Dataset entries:
---+---

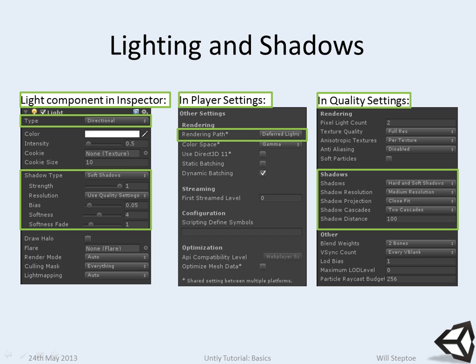These three boxes across here are all of the settings to do with shadows and lighting, all of the global quality settings to do with shadows and lighting. We have the object-based one, which is found in the inspector on the light component.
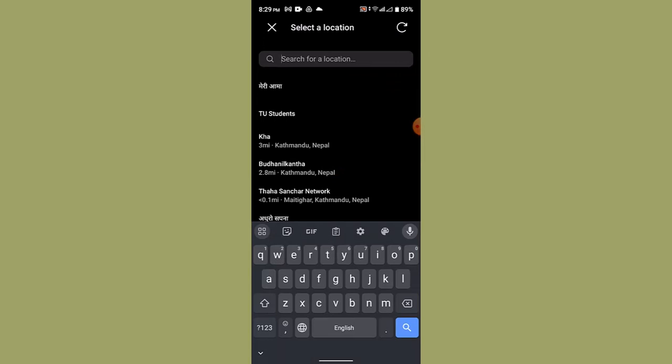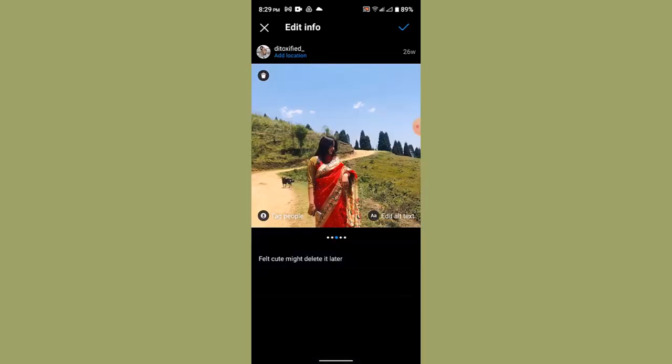What you can do is simply change your location, or in order to remove it, tap the cross icon without selecting any of these locations — just tap the cross icon. And right over here you can see that the location has been removed. Just leave it blank and tap the tick icon from the top right-hand side corner.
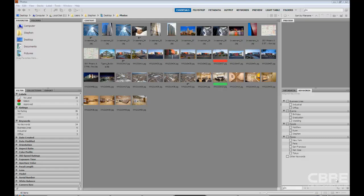The final lesson of this chapter that I want to go over with you is stacking. So up until this point we've learned multiple different ways on how we can organize our media and our images here within Adobe Bridge.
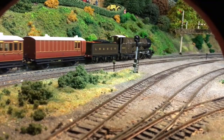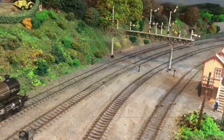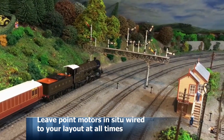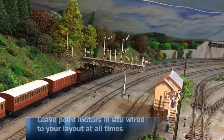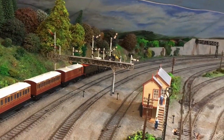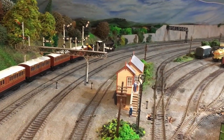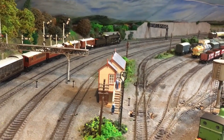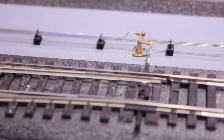It is important to note that the point does not need to be removed from the layout in order to do this, nor does it need to be connected to a programming track. The entire process is achieved with the point motor in situ on your layout.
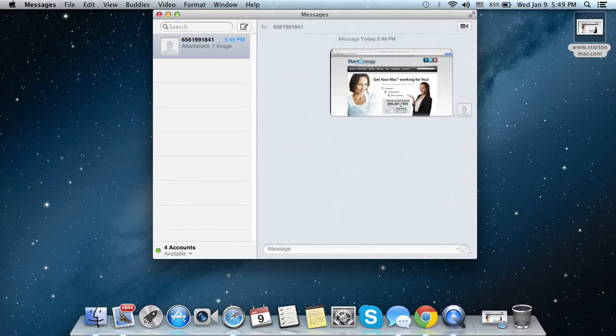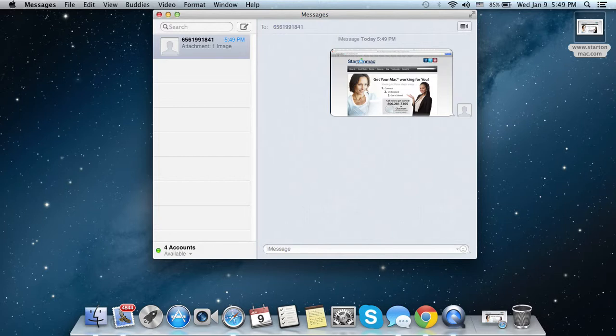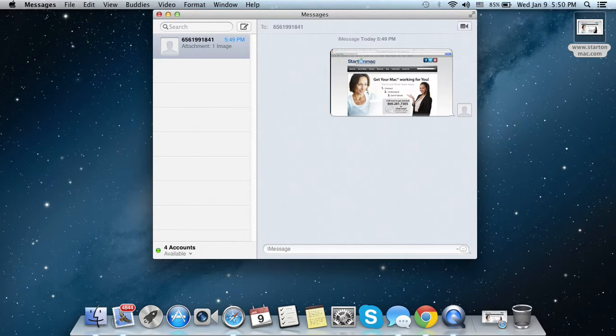Thanks for watching, and remember, at Start on Mac we will always be by your side in getting the most juice out of your apple. With our services, such as the Start on Mac Unlimited Cancel Anytime subscription, you won't have to leave home to get answers to your questions. Visit us at StartOnMac.com to learn more.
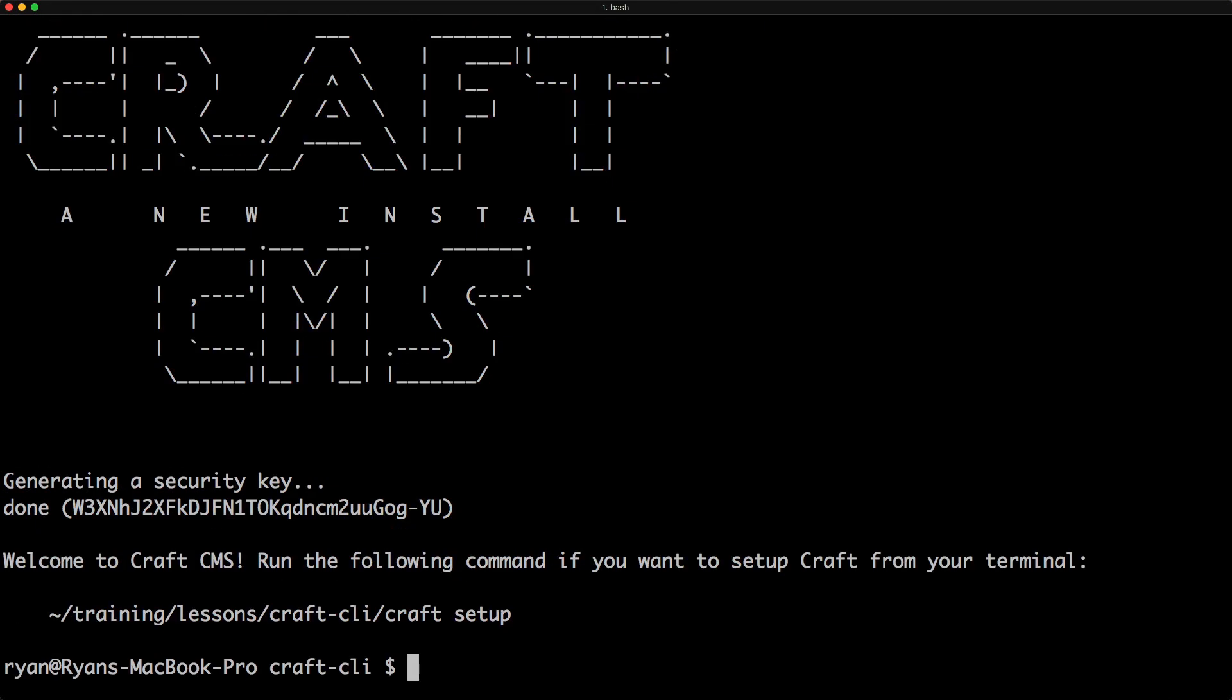All right, and we get this nice Craft CMS welcome screen. And as you can see, down at the bottom, it says, welcome to Craft CMS. Run the following command if you want to set up Craft from your terminal. And that's exactly what we want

---+---

• _WHAT IS NEEDED_
Please write out all the data word for word, but keep every picture out.

• _OUTPUT OF THE TASK_
These three boxes across here are all of the settings to do with shadows and lighting, all of the global quality settings to do with shadows and lighting. We have the object-based one, which is found in the inspector on the light component.
What you can do is simply change your location, or in order to remove it, tap the cross icon without selecting any of these locations — just tap the cross icon. And right over here you can see that the location has been removed. Just leave it blank and tap the tick icon from the top right-hand side corner.
The final lesson of this chapter that I want to go over with you is stacking. So up until this point we've learned multiple different ways on how we can organize our media and our images here within Adobe Bridge.
It is important to note that the point does not need to be removed from the layout in order to do this, nor does it need to be connected to a programming track. The entire process is achieved with the point motor in situ on your layout.
Thanks for watching, and remember, at Start on Mac we will always be by your side in getting the most juice out of your apple. With our services, such as the Start on Mac Unlimited Cancel Anytime subscription, you won't have to leave home to get answers to your questions. Visit us at StartOnMac.com to learn more.
All right, and we get this nice Craft CMS welcome screen. And as you can see, down at the bottom, it says, welcome to Craft CMS. Run the following command if you want to set up Craft from your terminal. And that's exactly what we want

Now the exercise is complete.